The first one to skate in Agganis Arena before a hockey game, he strides in with an exuberant confidence and energy that radiates to the cheering fans in the stands. As the game begins, 6-foot-3 Rhett the Terrier weaves through the crowd, inspiring the loyal audience to showcase their spirit.
“Rhett’s job is to encourage the crowd to be more vocal and to get the fans to be more interactive,” said Mike Marfione, marketing and promotions coordinator of BU Athletics. “If there’s a fan that is not actively participating in the game, Rhett finds a fun way to have the person be more engaged, making sure the crowd is interactive helps the team.”
As the face of Boston University, Rhett officially became the terrier mascot on Nov. 15, 1922. His name originates from Rhett Butler, one of the protagonists in the novel Gone With the Wind, because nobody loves Scarlet more than Rhett.
Picking a new Rhett is more serious business than one would think. Rhett is a national icon who’s appeared on ESPN, CNN, CBS and NESN. The next batch of Rhetts could represent the school on the national stage.
At the start of a new school year, Marfione and his team try to market the idea of becoming a potential part of the Rhett system. They post fliers on dormitory bulletin boards to promote their tryouts as well as use social media to connect with students. Tryouts begin at the end of September of the school year.
“They definitely need to be outgoing and athletic.

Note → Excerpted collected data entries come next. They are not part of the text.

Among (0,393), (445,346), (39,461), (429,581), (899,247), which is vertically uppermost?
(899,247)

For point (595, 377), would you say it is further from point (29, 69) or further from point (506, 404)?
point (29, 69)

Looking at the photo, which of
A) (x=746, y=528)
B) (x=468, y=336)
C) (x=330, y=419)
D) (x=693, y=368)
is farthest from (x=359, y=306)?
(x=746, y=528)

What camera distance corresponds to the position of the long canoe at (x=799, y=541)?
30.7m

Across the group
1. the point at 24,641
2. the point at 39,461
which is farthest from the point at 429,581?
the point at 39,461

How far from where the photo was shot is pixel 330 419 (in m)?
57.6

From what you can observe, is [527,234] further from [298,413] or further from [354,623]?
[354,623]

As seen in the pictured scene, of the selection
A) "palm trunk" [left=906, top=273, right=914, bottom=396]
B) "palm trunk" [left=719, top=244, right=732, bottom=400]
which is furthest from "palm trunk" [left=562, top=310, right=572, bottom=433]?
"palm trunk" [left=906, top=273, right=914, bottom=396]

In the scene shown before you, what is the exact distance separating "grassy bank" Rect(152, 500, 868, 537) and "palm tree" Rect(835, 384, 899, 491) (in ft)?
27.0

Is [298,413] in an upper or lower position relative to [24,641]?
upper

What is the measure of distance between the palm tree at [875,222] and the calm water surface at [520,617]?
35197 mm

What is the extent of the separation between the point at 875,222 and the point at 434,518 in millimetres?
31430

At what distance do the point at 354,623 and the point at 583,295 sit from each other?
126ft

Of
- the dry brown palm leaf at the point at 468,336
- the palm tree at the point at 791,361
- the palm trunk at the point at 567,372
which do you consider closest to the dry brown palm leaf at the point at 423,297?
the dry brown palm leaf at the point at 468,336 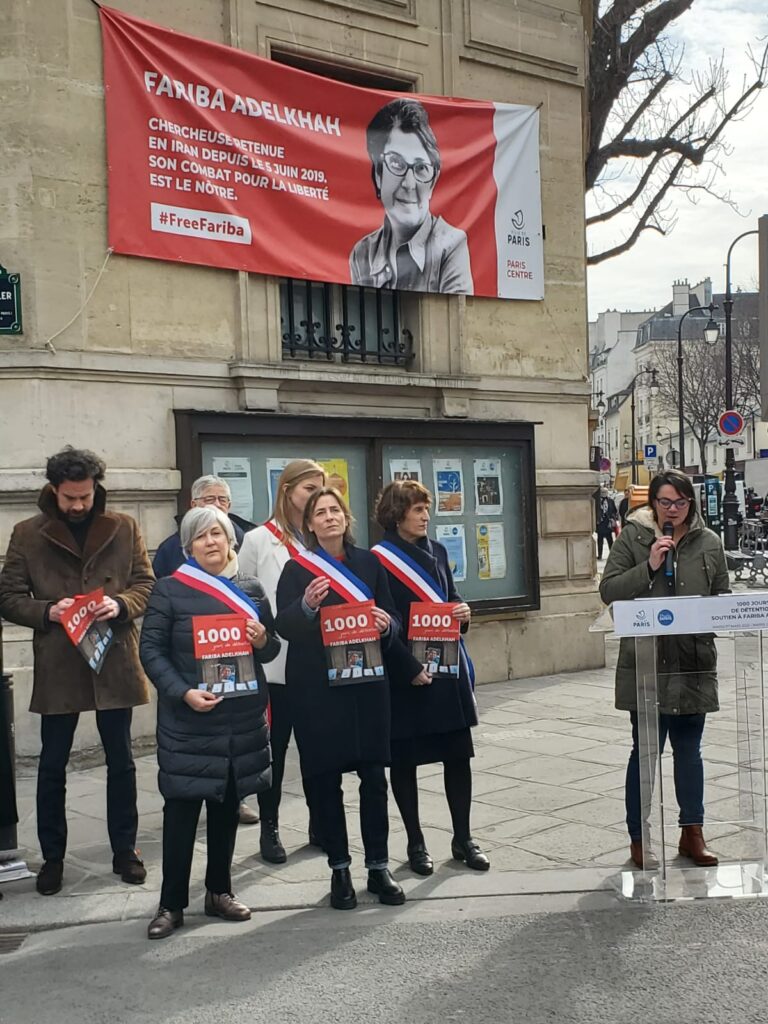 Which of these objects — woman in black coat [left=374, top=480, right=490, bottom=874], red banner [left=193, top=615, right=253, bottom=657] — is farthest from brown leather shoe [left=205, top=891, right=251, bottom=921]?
red banner [left=193, top=615, right=253, bottom=657]

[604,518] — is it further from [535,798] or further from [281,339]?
[535,798]

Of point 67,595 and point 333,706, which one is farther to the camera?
point 67,595

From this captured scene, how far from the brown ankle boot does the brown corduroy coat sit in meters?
2.58

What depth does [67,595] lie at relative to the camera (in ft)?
20.0

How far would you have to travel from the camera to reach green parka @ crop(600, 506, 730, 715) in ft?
18.6

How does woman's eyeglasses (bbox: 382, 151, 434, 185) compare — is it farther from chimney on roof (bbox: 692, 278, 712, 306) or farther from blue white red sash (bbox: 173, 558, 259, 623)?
chimney on roof (bbox: 692, 278, 712, 306)

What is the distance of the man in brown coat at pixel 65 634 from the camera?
594 centimetres

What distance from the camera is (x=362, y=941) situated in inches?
196

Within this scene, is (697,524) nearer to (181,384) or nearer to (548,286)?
(181,384)

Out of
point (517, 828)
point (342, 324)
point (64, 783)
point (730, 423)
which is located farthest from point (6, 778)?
point (730, 423)

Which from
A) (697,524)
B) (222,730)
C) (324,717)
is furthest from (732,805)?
(222,730)

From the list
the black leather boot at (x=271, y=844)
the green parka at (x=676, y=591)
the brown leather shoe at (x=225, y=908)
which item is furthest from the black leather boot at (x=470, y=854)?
the brown leather shoe at (x=225, y=908)

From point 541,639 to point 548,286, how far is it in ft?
10.7

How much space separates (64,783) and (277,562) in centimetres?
148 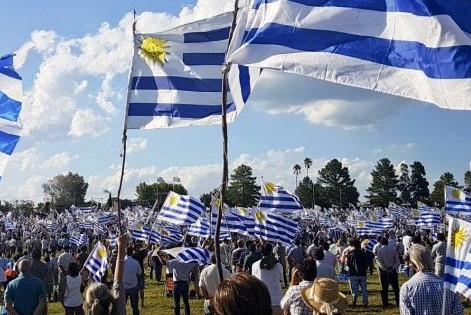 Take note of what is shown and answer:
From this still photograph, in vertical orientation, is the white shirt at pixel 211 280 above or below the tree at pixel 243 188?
below

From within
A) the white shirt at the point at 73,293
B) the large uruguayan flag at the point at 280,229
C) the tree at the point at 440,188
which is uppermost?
the tree at the point at 440,188

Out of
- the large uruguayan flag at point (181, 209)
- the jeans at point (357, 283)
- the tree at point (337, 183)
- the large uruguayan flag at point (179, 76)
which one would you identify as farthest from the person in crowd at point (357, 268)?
the tree at point (337, 183)

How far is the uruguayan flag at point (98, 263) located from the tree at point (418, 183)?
124 metres

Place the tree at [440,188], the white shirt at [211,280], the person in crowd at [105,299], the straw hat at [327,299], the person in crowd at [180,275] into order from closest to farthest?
the straw hat at [327,299] < the person in crowd at [105,299] < the white shirt at [211,280] < the person in crowd at [180,275] < the tree at [440,188]

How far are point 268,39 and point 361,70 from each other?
3.07 feet

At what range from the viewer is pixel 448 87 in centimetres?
511

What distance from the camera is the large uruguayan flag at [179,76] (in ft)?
28.1

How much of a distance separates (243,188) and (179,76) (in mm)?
115311

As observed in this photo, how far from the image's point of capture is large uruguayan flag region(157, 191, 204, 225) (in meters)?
18.3

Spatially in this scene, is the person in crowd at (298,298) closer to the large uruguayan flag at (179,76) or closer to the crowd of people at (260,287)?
the crowd of people at (260,287)

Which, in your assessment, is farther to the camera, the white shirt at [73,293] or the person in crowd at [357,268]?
the person in crowd at [357,268]

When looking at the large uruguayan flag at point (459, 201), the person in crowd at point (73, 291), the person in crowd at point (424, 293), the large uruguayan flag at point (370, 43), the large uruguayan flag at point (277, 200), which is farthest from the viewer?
the large uruguayan flag at point (459, 201)

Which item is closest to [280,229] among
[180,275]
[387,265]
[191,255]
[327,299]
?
[387,265]

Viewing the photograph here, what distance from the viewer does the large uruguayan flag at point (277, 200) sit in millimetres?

They also have to be energetic,” Marfione said. “Rhett has a bubbly personality so naturally it also helps if people have a lot of school spirit.”

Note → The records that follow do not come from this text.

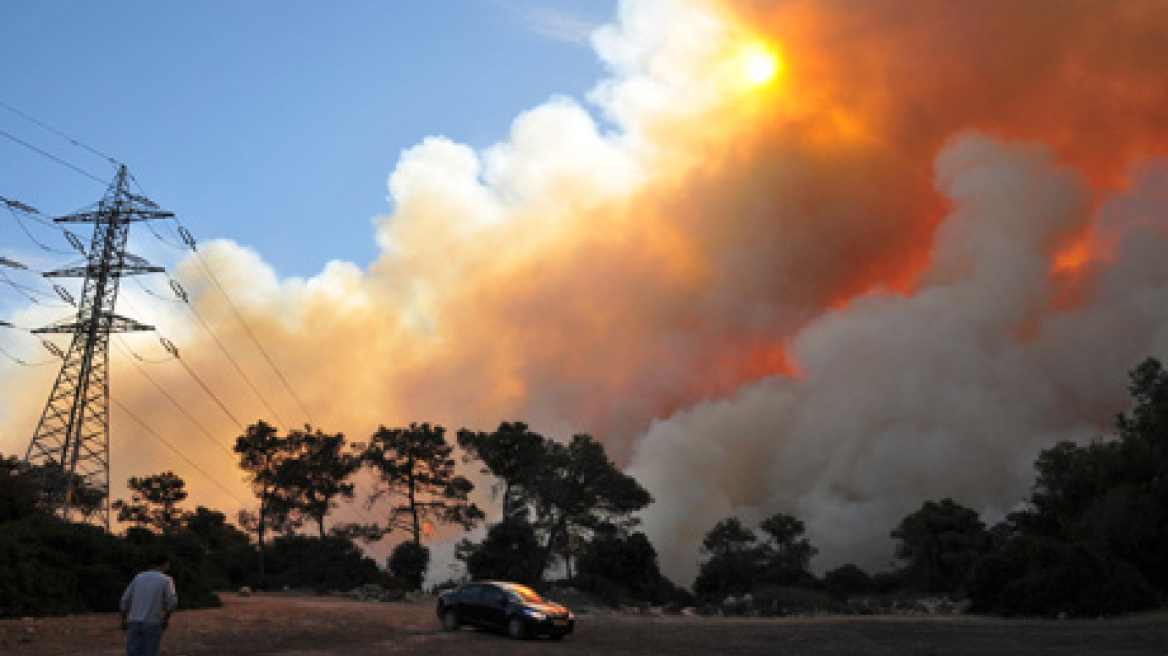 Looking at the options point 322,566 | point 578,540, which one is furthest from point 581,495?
point 322,566

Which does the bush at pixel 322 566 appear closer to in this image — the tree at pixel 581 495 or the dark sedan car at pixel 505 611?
the tree at pixel 581 495

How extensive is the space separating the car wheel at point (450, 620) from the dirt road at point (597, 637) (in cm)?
53

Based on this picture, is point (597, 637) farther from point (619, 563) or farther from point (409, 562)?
point (409, 562)

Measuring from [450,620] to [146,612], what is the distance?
58.1 ft

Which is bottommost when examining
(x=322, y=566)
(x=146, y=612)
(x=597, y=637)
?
(x=597, y=637)

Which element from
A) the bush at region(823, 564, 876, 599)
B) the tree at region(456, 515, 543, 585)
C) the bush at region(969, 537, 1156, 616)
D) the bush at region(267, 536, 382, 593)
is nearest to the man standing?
the bush at region(969, 537, 1156, 616)

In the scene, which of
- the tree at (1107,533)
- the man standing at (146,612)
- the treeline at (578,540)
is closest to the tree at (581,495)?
the treeline at (578,540)

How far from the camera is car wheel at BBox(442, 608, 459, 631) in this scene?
30.5m

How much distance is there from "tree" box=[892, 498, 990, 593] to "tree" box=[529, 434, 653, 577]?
97.2ft

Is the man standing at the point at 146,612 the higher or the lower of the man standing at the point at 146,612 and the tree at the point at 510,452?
the lower

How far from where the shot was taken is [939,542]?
8075 cm

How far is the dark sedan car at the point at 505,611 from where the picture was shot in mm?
27797

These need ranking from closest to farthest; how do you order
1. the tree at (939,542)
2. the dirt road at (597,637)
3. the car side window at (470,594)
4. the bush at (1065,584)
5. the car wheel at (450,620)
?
the dirt road at (597,637), the car side window at (470,594), the car wheel at (450,620), the bush at (1065,584), the tree at (939,542)

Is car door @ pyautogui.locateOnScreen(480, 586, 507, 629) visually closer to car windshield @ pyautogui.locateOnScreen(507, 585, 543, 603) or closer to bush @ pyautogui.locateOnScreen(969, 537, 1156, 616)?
car windshield @ pyautogui.locateOnScreen(507, 585, 543, 603) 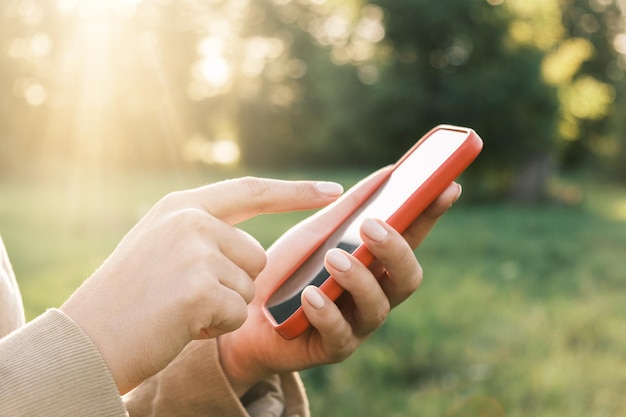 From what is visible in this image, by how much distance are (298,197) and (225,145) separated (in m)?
28.2

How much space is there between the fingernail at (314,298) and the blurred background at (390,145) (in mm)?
1900

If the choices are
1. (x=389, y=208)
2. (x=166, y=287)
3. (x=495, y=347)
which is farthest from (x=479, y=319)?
(x=166, y=287)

First, potential Rhett candidates sign up for an interview about their basic information. Then, they are required to perform a short skit with props and music to gage their creativity. They are also tested on game-day situations that would require them to make hasty decisions and how well they interact with the cheer team. Meanwhile, they will be evaluated on how energetic and creative they can be.

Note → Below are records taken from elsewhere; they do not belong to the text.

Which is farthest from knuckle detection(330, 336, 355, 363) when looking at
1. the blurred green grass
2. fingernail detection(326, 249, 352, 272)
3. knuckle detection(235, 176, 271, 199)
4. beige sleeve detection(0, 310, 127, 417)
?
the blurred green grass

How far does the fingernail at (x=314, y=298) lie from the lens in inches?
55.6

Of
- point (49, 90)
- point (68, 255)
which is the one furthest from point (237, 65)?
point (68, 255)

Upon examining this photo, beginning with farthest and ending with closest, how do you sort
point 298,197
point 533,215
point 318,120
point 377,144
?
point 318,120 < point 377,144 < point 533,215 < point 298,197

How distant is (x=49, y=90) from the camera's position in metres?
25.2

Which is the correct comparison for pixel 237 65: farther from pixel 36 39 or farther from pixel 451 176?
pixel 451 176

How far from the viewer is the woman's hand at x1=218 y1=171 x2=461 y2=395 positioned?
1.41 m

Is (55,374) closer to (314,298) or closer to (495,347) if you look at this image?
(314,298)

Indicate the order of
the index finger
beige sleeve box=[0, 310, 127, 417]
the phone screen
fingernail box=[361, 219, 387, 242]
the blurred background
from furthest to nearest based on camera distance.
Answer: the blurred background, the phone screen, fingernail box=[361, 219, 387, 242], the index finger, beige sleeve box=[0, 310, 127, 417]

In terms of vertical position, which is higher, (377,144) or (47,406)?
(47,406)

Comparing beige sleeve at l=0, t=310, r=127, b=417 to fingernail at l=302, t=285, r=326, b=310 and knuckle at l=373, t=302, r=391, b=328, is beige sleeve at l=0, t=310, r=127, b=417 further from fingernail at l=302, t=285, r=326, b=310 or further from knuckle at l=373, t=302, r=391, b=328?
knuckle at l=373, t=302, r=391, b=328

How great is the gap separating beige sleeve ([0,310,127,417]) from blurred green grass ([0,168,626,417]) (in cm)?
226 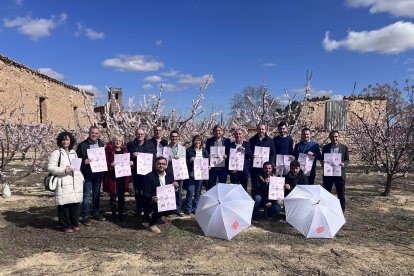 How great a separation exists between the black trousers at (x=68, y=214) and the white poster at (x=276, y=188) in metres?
3.60

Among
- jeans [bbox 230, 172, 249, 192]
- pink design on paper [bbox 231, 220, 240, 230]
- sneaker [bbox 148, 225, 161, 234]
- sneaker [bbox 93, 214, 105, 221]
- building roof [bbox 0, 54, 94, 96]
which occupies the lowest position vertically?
sneaker [bbox 148, 225, 161, 234]

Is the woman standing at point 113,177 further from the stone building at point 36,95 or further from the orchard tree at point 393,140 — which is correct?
the stone building at point 36,95

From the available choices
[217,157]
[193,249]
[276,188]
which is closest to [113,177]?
[217,157]

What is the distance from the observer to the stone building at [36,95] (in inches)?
735

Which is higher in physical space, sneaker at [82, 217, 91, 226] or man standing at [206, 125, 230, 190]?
man standing at [206, 125, 230, 190]

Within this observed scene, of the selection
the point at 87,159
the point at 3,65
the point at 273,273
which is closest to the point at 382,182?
the point at 273,273

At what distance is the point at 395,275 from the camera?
14.9 feet

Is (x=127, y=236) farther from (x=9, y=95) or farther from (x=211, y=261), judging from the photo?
(x=9, y=95)

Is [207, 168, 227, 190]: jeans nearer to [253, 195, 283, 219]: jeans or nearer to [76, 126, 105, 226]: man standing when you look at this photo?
[253, 195, 283, 219]: jeans

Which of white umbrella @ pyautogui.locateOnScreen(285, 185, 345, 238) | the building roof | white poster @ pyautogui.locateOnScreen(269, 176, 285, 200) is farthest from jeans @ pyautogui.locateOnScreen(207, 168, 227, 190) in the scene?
the building roof

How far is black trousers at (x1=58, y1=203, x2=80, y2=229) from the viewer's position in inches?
237

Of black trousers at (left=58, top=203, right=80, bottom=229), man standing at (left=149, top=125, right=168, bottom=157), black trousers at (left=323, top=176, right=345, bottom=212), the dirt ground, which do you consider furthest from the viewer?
black trousers at (left=323, top=176, right=345, bottom=212)

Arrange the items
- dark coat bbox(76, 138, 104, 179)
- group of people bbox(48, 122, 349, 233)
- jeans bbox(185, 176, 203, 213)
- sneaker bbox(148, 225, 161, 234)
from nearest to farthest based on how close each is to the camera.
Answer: group of people bbox(48, 122, 349, 233), sneaker bbox(148, 225, 161, 234), dark coat bbox(76, 138, 104, 179), jeans bbox(185, 176, 203, 213)

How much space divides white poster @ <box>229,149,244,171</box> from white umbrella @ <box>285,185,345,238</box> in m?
1.51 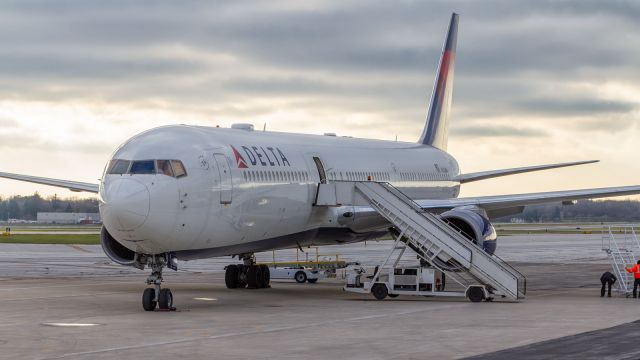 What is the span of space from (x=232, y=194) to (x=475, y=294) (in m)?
6.39

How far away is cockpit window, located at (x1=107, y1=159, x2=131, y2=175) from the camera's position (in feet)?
78.4

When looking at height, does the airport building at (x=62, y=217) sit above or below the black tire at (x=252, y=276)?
above

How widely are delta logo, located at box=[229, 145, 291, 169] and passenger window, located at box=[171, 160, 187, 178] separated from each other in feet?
7.42

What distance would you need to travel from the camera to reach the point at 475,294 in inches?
1051

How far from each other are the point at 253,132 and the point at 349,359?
1482 centimetres

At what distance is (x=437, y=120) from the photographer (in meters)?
44.3

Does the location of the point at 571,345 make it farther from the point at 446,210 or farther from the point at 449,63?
the point at 449,63

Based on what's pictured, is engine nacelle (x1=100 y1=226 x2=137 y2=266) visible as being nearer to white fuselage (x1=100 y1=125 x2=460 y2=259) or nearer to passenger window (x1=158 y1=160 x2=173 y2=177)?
white fuselage (x1=100 y1=125 x2=460 y2=259)

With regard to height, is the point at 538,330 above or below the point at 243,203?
below

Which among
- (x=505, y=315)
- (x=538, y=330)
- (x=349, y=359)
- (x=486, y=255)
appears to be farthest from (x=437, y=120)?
(x=349, y=359)

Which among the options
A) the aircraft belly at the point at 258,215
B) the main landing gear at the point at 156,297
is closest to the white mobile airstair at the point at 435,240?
the aircraft belly at the point at 258,215

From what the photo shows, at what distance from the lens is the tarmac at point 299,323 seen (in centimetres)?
1680

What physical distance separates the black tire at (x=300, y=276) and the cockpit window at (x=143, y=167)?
38.4 ft

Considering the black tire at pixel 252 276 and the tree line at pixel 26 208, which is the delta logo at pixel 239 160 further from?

“We’re looking for people to have the ability to think on their feet. We can try training them as best as we can but different things are going to come up,” Marfione said. “They have to be spontaneous.”
Eight students currently wear the muzzle, so to speak. Their hours as Rhett fluctuate according to schedule but generally amount to at least five hours a week at hockey, basketball, soccer and lacrosse games. Rhetts can also be found at school affairs on and off campus like charities and BU promotions. Rhett attends the National Cheerleading Championships and Mascot Championships as well. In 2002, he placed fourth in the National Mascot Championship.
“Having people who are into the event gets me into character,” said one of the students who plays Rhett. All Rhetts have to remain anonymous in their terms as mascots. “I try to do as much as I can to encourage the crowd. I do a lot of exaggerated motions while I am in costume. You just need to put yourself out there.”
To entertain the crowd and encourage them to be supportive of the teams, Rhett takes on an enthusiastic personality. If there is a fan who seems to be lacking in school spirit, Rhett will do something like tap that person on the shoulder and interact with the fan by doing silly dance moves or jumping around to motivate the fan to laugh.
“Rhett symbolizes school spirit,” Marfione said. “He supports the university and the sports teams. Rhett has a larger-than-life personality. When people look at Rhett, they automatically think of him as the face of BU.”
Q&A with Rhett: ‘The Secret Life of an American Dog’
To keep the identity of Rhett anonymous, the student must remain anonymous.
The Daily Free Press: What was your favorite memory as Rhett?
Rhett: Back in December, there was an event with the BU Athletics committee. We visited public elementary schools in Boston and got to interact with the children while in costume.
DFP: What antics do you use to encourage people to have more school spirit?
Rhett: I tend to jump around and do some silly dance moves. Sometimes, I’ll be goofy while tapping people on the shoulder and surprise them. When I am in costume, I tend to do whatever silly thing I am able to.
DFP: How do you balance academic life and being a mascot?
Rhett: As with any extracurricular activity, I learned to manage my time but it isn’t really hard to balance this job since it’s only about five hours a week.
DFP: What gets you into the Rhett character?
Rhett: It helps when at sporting events or hockey games, everyone is cheering and getting pumped up. The crowd being there helps Rhett to be there.
DFP: Do you have any advice for people who want to be a part of the Rhett team?
Rhett: Do everything big and with energy. The costume itself is bulky so you need to make exaggerated movements just to move the costume. If you need Rhett to nod, you literally need to rock your head back and forth. It requires practice. Also, be enthusiastic.